The title of the movie is annoying to Facebook-users and Denise Richards.
This does not include my mom, so she wasn't annoyed at all.
A full house of cackling women gave it a big round of old-school applause at the end! Love that. Take your mother, your sister, your aunt, your 40+ girlfriend.
*spoilers ahead!*
While Meryl Streep was wonderful, of course, it goes without saying, she can act the shit out of a Terms of Service agreement, Alec Baldwin was ridiculously funny.
He's such an a-hole and he is so good at playing a-holes. Bloated, selfish, hairy a-holes. A real pleasure of an a-hole to watch. He cracks me up with just a look.
Steve Martin, once again, is an architect with a tender side. John Krasinski is the cute doting sensitive son-in-law-to-be who played his way into the hearts of every 60+-year-old-woman in the theater. At each appearance on screen, I heard everyone's mother murmur around me, "What a nice boy, what else is he in? The Office? I don't watch that. What a good job he's doing, awwww!" like he's a puppy dog.
I knew, I KNEW, that my mom was thinking, "If only my daughter had married someone as preppy and clean-cut as John Krasinski..." She once tried to hook me up with this little Michael J. Fox-looking-guy that she thought was so adorable for me.
The jokes about droopy boobs, menopausal sex and overactive bladders - I tell ya, freakin scared me - much like Something's Gotta Give. Naturally. Meryl even seemed, dare I say, a bit Diane Keatonish. And I loved her eyewear.
However, this is what Meryl's character does with her life. She is not just a writer with a beach house, juggling two men, like Diane's character in Something's Gotta Give. Oh, no, she is so, soooo, much more.

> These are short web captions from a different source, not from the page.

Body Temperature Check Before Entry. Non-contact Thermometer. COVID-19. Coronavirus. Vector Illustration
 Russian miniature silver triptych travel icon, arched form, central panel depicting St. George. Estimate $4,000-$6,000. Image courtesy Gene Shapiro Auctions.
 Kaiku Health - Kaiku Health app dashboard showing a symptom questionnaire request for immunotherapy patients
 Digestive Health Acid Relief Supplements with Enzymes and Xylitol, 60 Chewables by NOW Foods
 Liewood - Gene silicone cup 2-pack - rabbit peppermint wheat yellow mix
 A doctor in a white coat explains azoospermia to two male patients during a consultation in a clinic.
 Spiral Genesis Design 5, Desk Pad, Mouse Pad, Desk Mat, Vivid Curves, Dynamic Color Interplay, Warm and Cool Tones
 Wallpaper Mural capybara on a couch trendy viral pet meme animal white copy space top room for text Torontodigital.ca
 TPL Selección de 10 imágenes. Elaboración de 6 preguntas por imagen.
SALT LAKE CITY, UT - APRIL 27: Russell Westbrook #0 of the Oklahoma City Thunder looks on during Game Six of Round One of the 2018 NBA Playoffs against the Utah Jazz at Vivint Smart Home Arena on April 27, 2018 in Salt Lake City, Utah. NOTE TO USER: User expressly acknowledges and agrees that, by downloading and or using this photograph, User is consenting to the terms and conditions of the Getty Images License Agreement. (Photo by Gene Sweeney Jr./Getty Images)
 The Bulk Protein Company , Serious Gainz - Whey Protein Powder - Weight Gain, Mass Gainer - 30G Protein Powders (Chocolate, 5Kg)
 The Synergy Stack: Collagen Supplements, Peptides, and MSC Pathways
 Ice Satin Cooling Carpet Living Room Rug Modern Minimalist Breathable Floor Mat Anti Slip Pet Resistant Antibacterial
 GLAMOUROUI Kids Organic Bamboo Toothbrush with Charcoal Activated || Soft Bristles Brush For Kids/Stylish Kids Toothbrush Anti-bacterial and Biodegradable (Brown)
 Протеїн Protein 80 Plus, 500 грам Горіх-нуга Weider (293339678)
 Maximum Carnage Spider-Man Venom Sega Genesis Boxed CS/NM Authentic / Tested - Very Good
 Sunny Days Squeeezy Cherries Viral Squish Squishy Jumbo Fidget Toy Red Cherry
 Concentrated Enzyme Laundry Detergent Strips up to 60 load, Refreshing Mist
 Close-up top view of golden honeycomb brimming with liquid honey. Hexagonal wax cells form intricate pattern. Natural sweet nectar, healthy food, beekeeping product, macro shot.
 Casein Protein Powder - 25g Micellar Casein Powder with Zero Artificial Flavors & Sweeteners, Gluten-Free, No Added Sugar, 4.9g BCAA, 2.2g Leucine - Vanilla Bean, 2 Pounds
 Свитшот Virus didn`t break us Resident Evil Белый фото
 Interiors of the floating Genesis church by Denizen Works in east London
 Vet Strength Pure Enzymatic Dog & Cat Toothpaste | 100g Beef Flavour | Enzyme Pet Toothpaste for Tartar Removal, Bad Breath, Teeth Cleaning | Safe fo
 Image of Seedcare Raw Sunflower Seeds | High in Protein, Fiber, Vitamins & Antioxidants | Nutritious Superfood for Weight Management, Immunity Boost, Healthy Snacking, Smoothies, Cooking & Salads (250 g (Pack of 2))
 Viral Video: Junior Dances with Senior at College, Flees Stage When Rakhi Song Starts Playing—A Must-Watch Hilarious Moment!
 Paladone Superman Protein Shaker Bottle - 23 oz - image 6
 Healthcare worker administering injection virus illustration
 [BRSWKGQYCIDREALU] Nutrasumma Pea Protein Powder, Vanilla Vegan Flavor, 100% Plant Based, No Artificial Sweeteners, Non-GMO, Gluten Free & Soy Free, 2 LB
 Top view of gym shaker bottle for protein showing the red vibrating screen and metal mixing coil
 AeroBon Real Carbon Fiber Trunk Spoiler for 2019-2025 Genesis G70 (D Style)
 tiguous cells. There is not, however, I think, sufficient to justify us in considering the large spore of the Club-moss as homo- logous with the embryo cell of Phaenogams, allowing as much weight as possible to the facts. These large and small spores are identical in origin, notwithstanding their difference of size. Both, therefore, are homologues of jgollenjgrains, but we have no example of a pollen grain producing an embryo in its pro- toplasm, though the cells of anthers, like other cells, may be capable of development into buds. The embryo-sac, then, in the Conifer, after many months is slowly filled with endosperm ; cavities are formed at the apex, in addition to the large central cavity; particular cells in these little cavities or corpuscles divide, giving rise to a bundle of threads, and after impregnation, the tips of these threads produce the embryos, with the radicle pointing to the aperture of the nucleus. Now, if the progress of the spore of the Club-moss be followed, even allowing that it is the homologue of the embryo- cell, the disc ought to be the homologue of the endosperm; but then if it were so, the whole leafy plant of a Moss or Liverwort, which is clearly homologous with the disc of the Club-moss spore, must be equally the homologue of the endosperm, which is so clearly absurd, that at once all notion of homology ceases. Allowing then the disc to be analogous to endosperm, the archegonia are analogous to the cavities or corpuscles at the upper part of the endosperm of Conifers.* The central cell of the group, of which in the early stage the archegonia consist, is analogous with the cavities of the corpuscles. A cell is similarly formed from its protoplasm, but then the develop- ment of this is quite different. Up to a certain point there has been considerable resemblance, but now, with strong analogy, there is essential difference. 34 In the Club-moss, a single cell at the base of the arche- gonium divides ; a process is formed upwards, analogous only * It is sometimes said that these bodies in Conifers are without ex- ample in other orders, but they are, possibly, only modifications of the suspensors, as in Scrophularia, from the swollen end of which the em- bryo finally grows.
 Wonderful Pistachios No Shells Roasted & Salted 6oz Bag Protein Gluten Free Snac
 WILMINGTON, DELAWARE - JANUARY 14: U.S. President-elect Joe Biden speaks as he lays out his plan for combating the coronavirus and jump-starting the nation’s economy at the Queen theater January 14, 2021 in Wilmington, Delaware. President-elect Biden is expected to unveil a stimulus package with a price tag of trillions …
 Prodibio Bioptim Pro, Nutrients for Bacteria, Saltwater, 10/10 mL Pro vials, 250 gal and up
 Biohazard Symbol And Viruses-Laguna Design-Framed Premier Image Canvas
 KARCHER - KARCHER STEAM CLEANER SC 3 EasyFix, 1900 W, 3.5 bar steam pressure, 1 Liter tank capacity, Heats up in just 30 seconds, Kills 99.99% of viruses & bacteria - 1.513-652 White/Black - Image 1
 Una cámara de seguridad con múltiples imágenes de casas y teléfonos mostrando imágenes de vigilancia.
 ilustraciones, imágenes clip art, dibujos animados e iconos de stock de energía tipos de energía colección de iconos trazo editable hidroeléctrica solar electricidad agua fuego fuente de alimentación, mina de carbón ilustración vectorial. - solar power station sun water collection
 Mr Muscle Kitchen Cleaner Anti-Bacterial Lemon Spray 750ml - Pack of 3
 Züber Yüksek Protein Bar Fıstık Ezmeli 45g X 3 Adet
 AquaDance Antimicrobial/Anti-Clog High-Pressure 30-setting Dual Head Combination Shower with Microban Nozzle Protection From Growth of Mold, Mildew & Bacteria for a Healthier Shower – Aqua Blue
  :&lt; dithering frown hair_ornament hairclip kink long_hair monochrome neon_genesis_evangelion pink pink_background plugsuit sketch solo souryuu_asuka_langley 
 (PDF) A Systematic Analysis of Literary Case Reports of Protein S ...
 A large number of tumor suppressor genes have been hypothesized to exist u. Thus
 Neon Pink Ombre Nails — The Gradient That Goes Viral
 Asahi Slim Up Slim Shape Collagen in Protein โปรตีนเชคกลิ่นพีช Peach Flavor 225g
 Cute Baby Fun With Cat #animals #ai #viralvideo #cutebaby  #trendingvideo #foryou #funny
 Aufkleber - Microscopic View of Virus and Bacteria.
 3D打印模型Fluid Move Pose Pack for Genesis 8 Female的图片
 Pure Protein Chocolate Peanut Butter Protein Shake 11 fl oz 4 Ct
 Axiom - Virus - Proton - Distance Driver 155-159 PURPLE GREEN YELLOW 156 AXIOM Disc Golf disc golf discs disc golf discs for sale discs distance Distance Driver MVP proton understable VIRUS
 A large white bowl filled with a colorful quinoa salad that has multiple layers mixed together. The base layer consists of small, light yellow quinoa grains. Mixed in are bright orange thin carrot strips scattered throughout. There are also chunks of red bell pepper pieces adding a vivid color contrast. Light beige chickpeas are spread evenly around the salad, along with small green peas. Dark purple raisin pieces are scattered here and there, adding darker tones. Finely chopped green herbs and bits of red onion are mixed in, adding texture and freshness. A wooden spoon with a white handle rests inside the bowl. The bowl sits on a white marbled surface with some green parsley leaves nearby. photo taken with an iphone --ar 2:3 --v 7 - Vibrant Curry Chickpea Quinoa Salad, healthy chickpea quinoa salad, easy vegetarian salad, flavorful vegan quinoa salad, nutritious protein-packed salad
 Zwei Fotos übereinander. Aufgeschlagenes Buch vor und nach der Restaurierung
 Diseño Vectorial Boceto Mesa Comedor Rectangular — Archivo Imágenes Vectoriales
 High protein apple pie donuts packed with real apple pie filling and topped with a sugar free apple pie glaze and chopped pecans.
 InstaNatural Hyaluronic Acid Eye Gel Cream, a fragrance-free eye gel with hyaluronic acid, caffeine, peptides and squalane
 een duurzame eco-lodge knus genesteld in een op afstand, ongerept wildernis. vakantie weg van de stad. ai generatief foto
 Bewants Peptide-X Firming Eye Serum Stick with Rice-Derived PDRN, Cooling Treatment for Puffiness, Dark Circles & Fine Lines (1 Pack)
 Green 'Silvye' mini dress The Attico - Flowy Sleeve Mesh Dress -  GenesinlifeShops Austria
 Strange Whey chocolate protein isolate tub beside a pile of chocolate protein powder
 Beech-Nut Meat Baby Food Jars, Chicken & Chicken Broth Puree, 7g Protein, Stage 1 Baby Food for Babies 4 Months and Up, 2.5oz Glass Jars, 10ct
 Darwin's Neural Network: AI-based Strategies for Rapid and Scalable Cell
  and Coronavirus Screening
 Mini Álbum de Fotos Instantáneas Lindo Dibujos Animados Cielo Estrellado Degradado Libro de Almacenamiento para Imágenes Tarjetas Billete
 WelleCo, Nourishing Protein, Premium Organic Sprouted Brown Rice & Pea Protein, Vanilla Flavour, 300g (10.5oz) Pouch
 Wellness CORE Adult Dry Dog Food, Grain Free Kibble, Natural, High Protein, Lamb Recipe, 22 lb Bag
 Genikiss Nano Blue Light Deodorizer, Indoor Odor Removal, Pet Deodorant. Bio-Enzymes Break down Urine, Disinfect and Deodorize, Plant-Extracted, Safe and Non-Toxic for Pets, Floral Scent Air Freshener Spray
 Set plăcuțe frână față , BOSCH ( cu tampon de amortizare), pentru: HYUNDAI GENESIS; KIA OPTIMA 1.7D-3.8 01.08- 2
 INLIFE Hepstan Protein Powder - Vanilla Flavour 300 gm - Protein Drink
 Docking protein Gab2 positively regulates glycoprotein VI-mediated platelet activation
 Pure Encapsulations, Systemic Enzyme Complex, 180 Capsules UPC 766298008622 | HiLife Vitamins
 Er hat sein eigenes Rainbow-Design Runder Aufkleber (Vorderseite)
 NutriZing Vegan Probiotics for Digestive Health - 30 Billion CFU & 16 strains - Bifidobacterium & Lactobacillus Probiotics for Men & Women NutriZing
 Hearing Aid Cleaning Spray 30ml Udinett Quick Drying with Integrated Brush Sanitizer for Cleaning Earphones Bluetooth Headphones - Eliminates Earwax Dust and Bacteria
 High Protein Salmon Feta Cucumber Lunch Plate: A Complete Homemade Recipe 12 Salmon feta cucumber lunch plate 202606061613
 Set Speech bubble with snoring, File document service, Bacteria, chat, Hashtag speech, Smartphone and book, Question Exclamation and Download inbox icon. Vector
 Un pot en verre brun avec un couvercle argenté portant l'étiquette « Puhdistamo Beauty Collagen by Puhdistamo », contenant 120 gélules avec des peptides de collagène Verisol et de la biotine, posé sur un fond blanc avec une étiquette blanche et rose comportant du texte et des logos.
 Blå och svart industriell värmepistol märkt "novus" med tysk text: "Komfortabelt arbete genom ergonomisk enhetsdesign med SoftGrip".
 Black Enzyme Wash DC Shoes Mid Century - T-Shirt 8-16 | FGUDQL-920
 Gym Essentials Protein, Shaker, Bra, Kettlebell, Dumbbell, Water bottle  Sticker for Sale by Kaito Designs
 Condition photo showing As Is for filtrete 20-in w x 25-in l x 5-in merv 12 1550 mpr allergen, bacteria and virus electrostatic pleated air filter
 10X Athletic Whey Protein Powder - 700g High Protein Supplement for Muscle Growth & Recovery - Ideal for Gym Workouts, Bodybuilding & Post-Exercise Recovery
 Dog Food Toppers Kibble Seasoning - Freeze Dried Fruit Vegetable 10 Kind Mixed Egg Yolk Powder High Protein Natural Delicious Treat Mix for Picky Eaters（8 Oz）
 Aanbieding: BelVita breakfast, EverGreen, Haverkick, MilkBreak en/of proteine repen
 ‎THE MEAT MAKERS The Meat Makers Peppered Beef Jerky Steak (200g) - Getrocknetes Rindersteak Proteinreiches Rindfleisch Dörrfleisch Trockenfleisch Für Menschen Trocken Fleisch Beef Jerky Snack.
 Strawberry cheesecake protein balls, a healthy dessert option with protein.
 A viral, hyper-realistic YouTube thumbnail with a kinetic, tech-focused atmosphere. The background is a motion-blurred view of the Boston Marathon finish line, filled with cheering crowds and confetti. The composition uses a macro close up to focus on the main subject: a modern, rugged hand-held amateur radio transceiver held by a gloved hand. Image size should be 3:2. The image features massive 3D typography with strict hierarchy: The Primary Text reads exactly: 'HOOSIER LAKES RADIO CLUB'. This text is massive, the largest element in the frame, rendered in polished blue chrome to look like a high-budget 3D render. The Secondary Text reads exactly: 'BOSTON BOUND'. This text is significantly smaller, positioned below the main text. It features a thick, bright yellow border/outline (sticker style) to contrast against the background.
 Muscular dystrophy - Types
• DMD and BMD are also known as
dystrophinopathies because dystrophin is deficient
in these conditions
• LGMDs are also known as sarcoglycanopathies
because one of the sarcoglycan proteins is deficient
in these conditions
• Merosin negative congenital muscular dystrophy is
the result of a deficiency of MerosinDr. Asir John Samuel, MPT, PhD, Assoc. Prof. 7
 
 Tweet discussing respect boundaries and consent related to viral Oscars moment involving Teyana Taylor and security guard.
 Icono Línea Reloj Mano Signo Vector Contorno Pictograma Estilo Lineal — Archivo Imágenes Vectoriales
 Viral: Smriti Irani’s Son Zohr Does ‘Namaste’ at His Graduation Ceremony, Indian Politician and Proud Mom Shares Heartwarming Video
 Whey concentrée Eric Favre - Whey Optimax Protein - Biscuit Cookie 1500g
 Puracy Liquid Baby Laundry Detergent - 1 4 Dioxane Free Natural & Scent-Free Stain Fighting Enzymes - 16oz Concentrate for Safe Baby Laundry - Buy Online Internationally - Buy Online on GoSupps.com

She's the divorced mother of three, her oldest daughter is planning a wedding (to the wonderful John Krasinski, isn't he just the sweetest guy...), her son just graduated from college, her youngest daughter has just left for college. So she now has an empty nest where she raised the three perfect children. The "nest" is a GORGEOUS perfectly appointed Santa Barbara dream villa. She is also the owner of a big classy bakery. She is also a French-trained pastry chef. She has also decided that she is going to build an addition to her villa because it's not good enough for her, and why? I guess Steve Martin had to play an architect and that was the best way to incorporate that character. And an architect is more interesting than an actuary. She makes effortless perfect dinners and desserts for all of her guests. She has time to shop for new clothes. Also, she has the perfect fantasy garden that supplies her with all the fresh-cut flowers and vegetables her heart desires. The kind of garden that you either spend twenty hours a week managing on your own, or supervising hired help to manage it for you.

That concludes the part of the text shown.